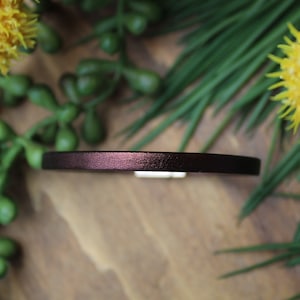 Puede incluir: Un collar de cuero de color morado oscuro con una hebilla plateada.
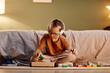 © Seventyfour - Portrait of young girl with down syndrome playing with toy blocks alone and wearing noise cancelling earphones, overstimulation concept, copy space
--
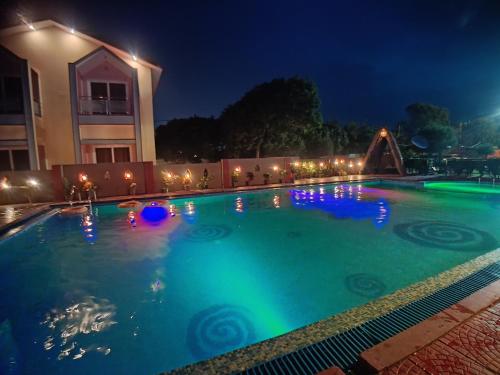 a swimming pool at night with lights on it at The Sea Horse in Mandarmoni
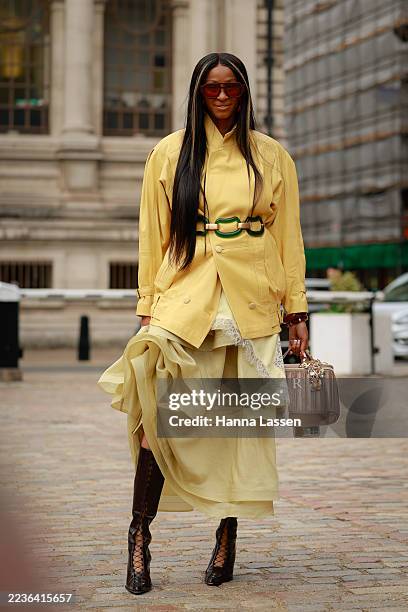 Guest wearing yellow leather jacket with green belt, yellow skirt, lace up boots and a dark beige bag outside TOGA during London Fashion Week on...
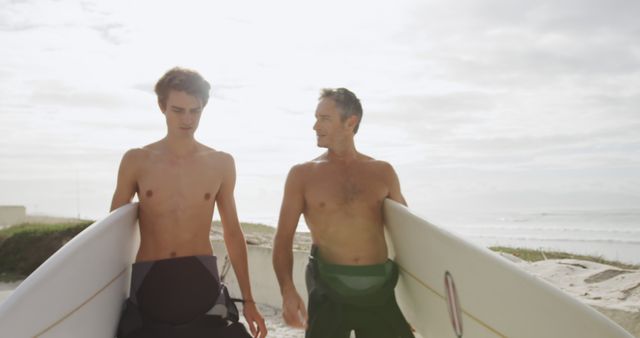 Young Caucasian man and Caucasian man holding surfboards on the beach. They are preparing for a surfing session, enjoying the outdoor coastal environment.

Description of the task
Beginning with the line above that contains "Puede incluir: Un" and finishing with the line that contains "concept, copy space", print those lines exactly and only. Skip all pictures.

Exercise output
 Puede incluir: Un collar de cuero de color morado oscuro con una hebilla plateada.
 © Seventyfour - Portrait of young girl with down syndrome playing with toy blocks alone and wearing noise cancelling earphones, overstimulation concept, copy space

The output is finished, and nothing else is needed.